– Znaczące jest, że Ministerstwo Finansów, odnosząc się do korzystnych zmian, całkowicie pomija podatek liniowy. W 2022 r., przy braku możliwości odliczenia składki zdrowotnej, rozliczenie według stawki 19 proc. staje się zdecydowanie mniej korzystne niż obecnie. Z 9-proc. składki wyniesie ono 28 proc. A lekarze prowadzący działalność gospodarczą często wybierają podatek liniowy – mówi Paweł Lewandowski, ekonomista zajmujący się doradztwem biznesowym.
Jego zdaniem ryczałt może być alternatywą dla stawki liniowej. Należy jednak pamiętać, że tu także nie będzie można odliczyć składki zdrowotnej, która ma wynieść 1/3 stawki podatku.
– To oznacza, że mimo obniżki ryczałtu obciążenia zawodów medycznych i tak wzrosną z 17 proc. do blisko 19 proc. przychodu, bez możliwości odliczenia kosztów – mówi Lewandowski.
Medycy muszą też pamiętać, że zarówno ustawa o PIT, jak i ustawa ryczałtowa zakazują łączenia działalności gospodarczej z pracą na etacie, jeśli dana osoba chce świadczyć usługi na rzecz obecnego lub byłego pracodawcy, odpowiadające czynnościom wykonywanym w ramach stosunku pracy. Dotychczas fiskus zgadzał się na stawkę 19 proc., jeśli np. lekarz w działalności gospodarczej zajmował się leczeniem pacjentów, a na etacie u tego samego podmiotu wykonywał zadania administracyjne jako np. kierownik przychodni.
Koniec karty
Zmiany obejmą też kartę podatkową. W 2022 r. na karcie pozostaną tylko przedsiębiorcy, którzy rozliczają ją w 2021 r., na zasadzie kontynuacji.

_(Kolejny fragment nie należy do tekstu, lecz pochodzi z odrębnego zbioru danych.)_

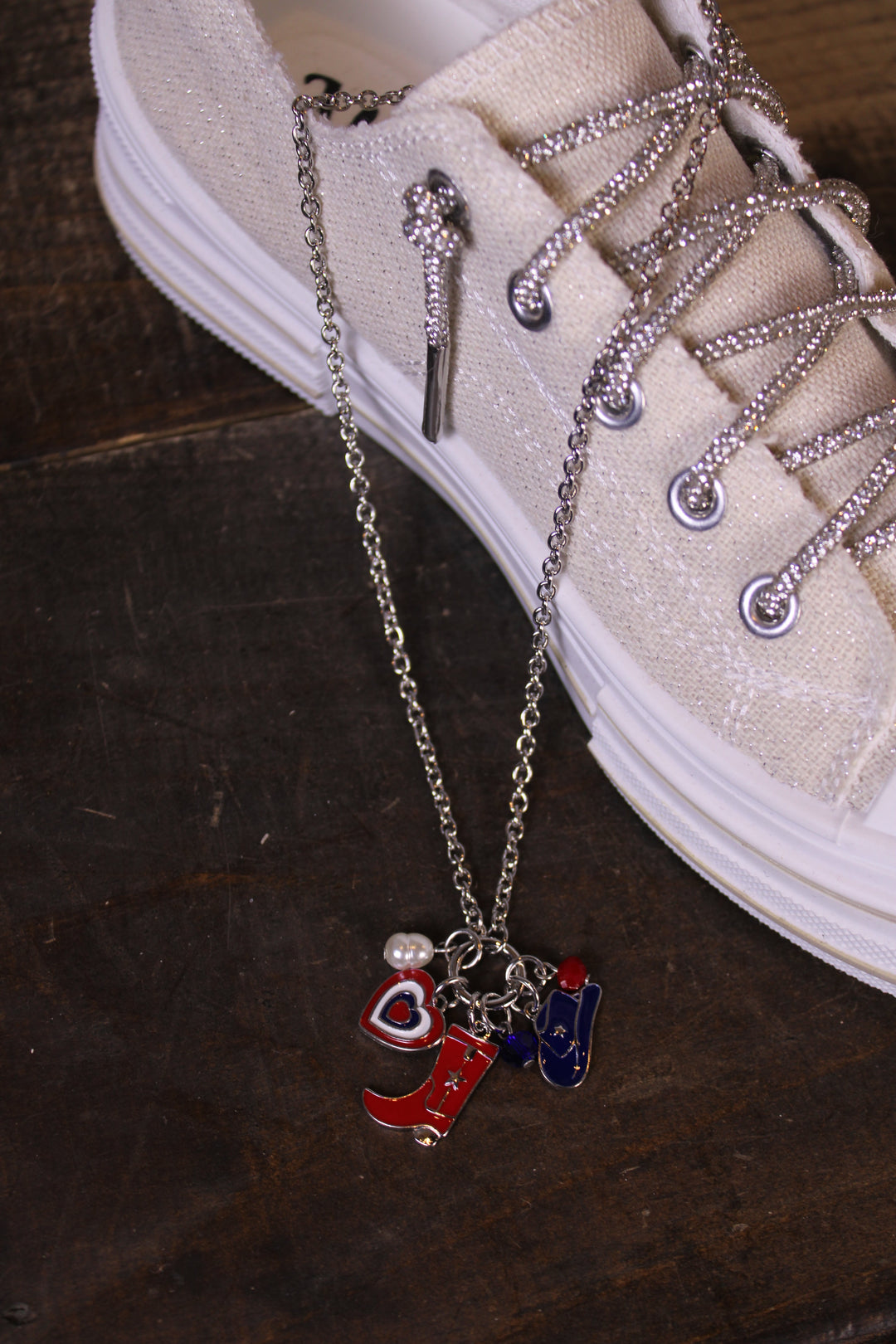 Boots, Bows, And Liberty Silver Necklace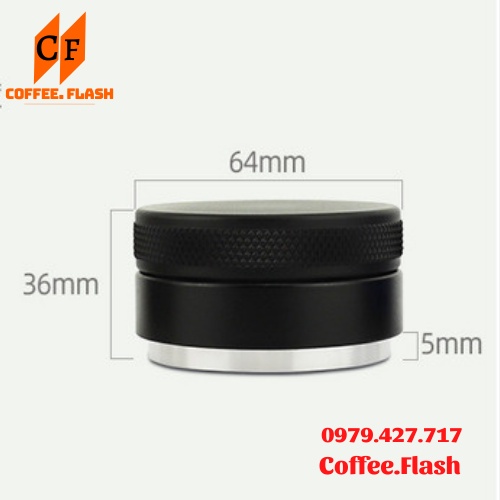 Tamper tay nén cà phê inox cao cấp, Tamper OCD dụng cụ nén và dàn đều cà phê Espresso size 51- 53- 58mm.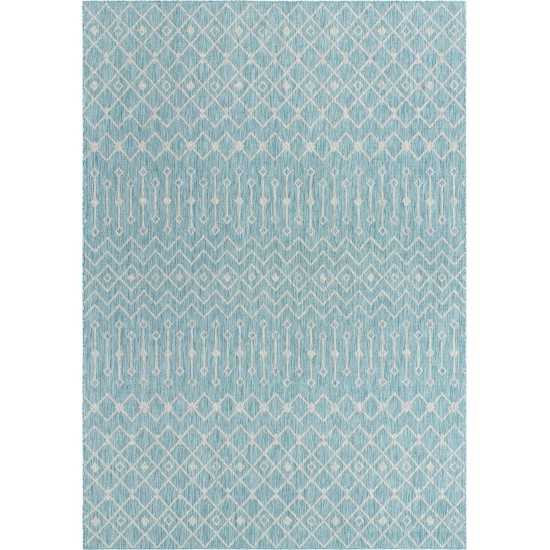 Rug Unique Loom Outdoor Trellis Aqua Blue Rectangular 10' 0 x 14' 0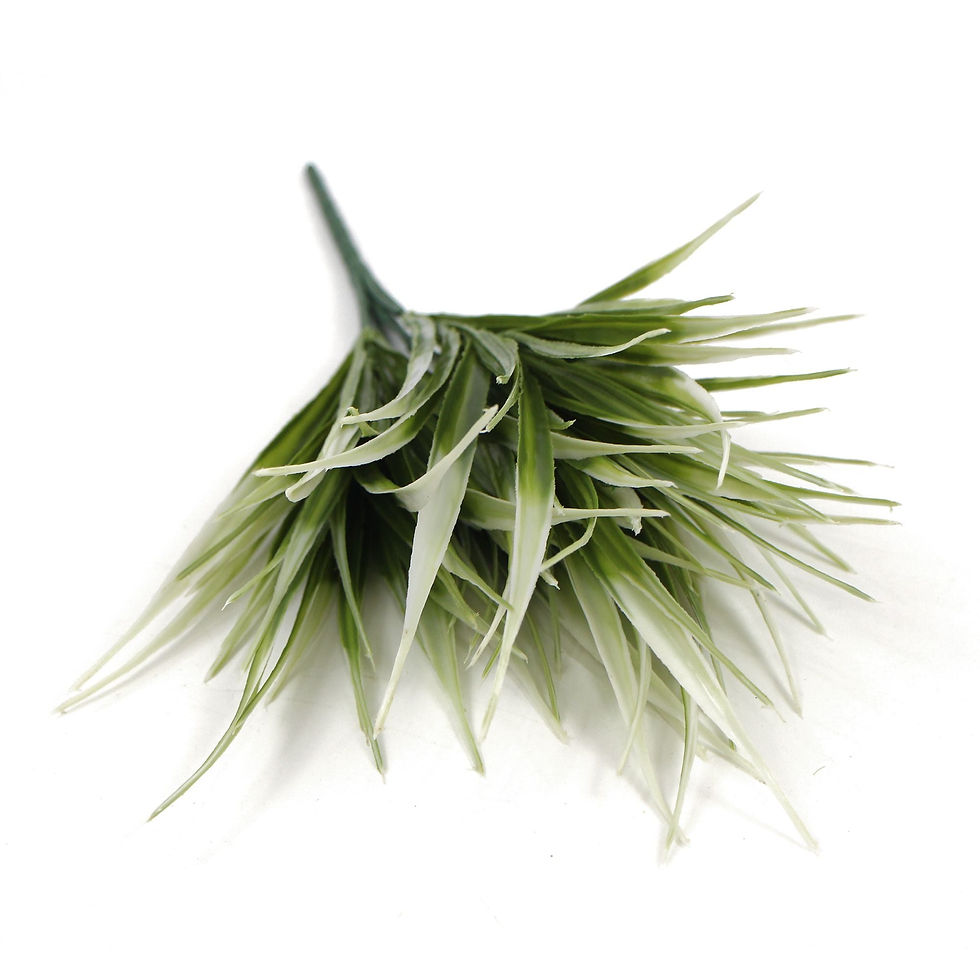 Thumbnail: 5 Pack - UV White Tipped Artificial Grass Stem - 35cm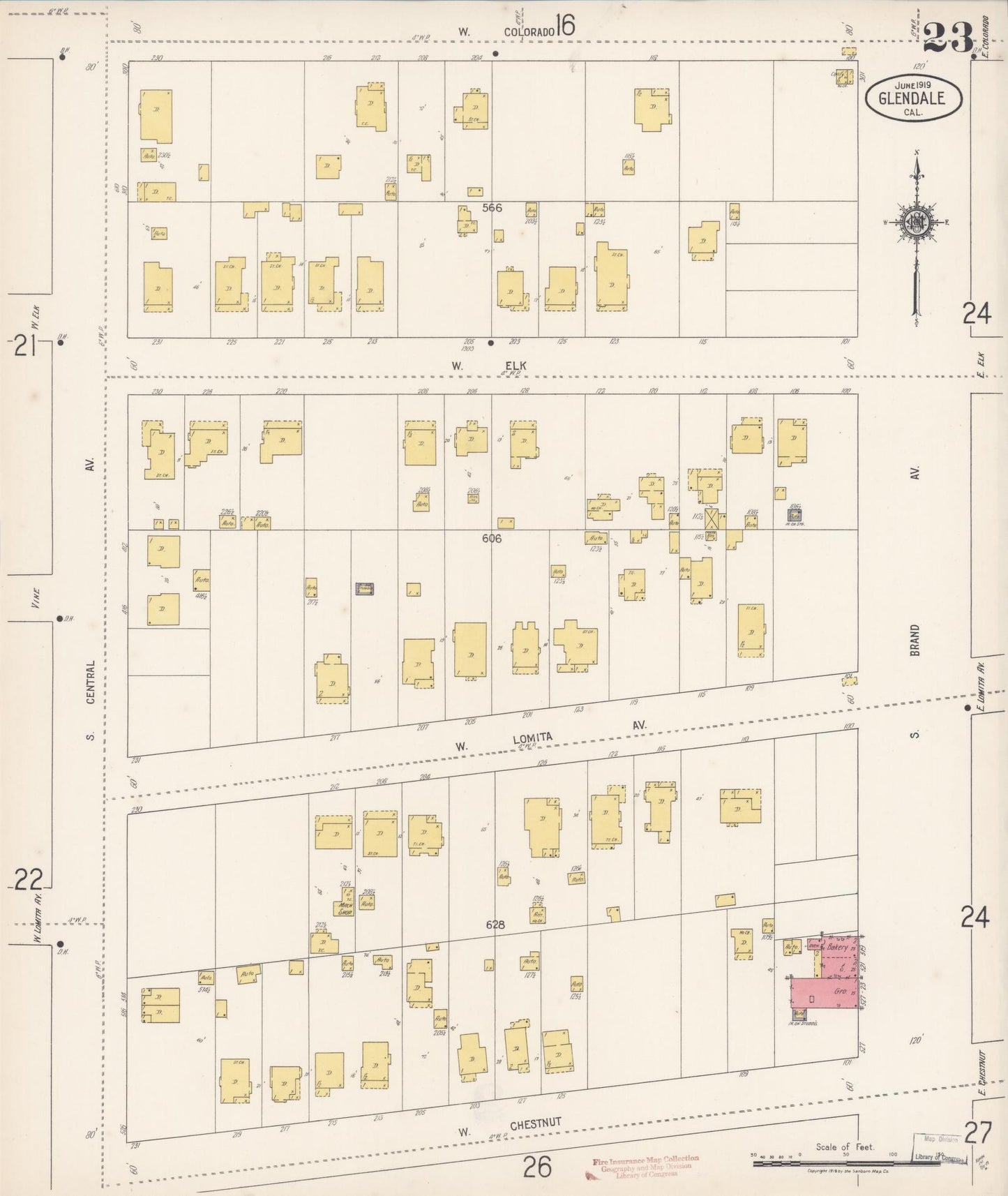 Sanborn Fire Insurance Map from Glendale, Los Angeles County, California (1919), Sheet #0023 - Historic Sanborn Fire Insurance Map Print, vintage old map wall art, antique decor, genealogy gift, California California map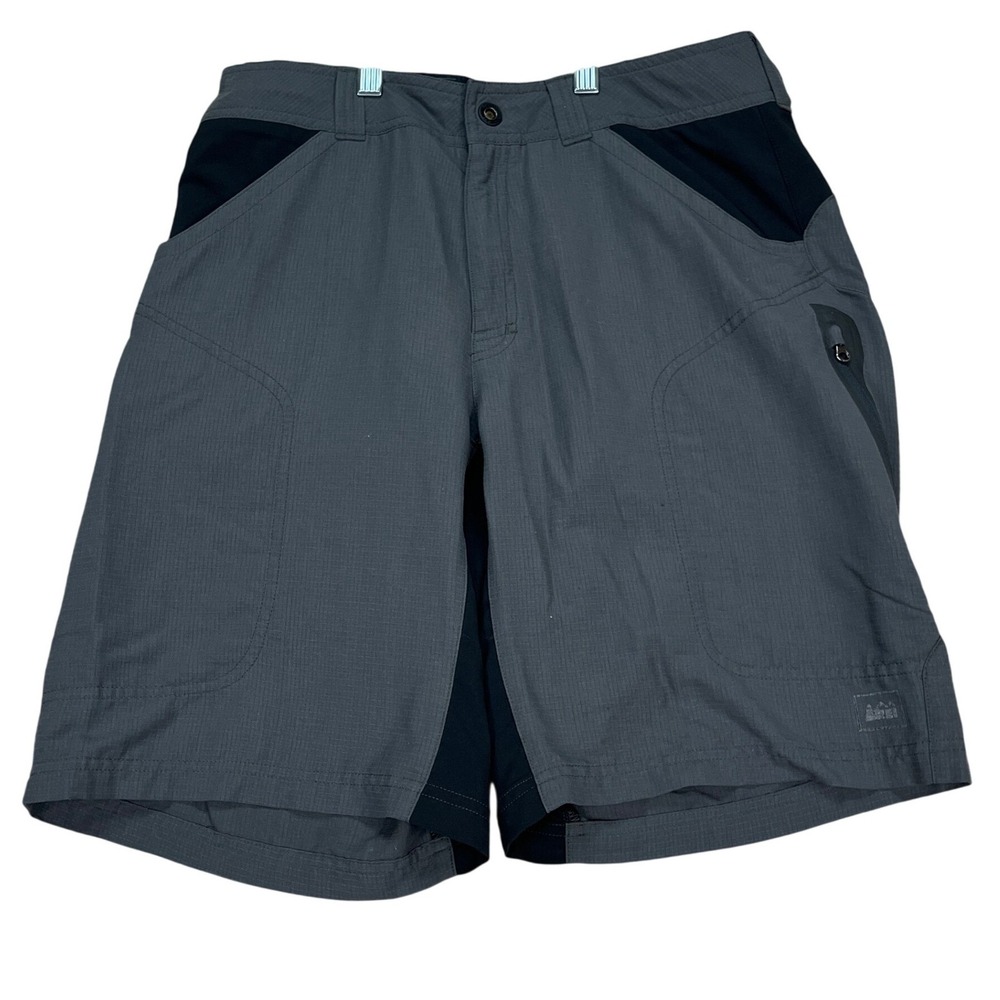 REI Hiking Shorts Mens 30 Gray Black Colorblock Ripstop Stretch Zip Pocket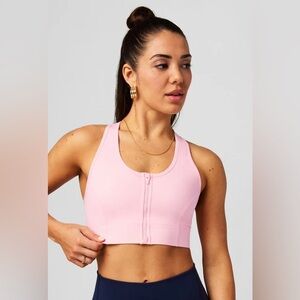 Fabletics Pink On the Go Medium Impact Sports Bra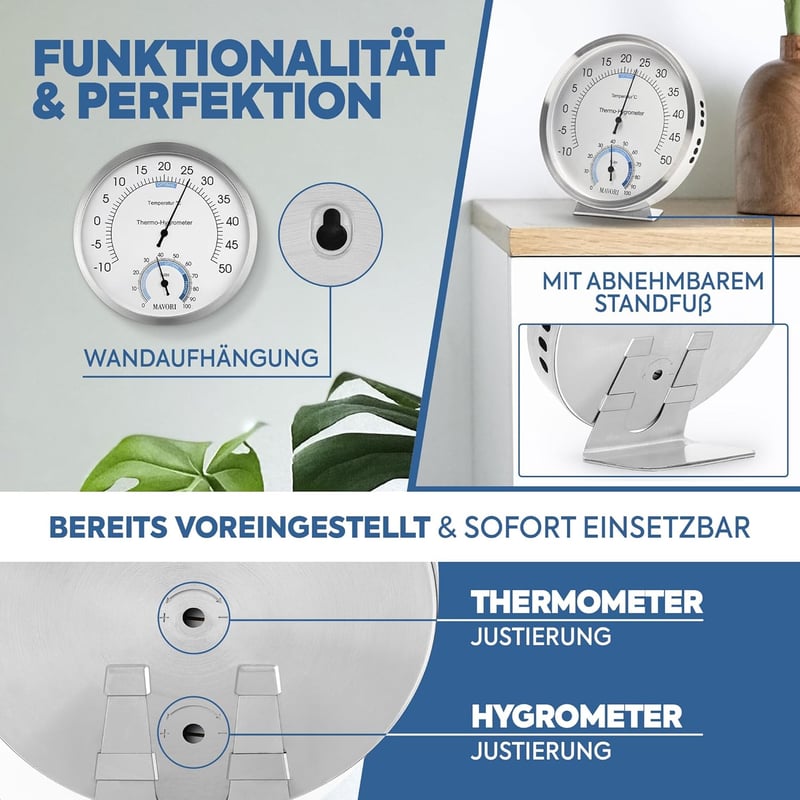 Edelstahl Hygrometer & Thermometer 2in1 für gesundes Raumklima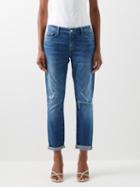 Frame - Le Garcon Cropped Straight-leg Jeans - Womens - Mid Denim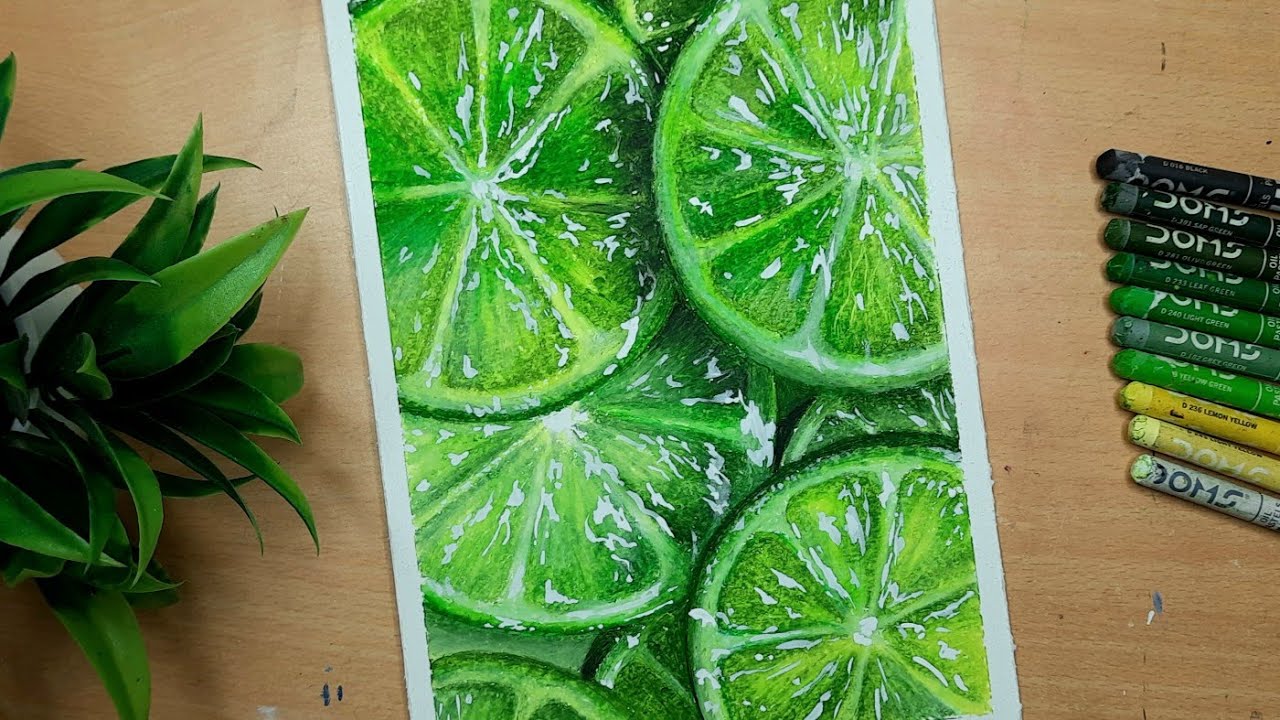 Green Slice Lemons | Realistic Drawing with Dom's Oil Pastel | Oil pastel drawing Lime | Canvas Art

– Co ważne, lekarze, stomatolodzy i weterynarze, którzy rozliczają się w formie karty, nie będą już mogli od 2022 r. rozliczać w ten sposób usług na rzecz osób prawnych, jednostek organizacyjnych nieposiadających osobowości prawnej albo na rzecz osób fizycznych dla potrzeb prowadzonej przez nie działalności gospodarczej – mówi Lewandowski.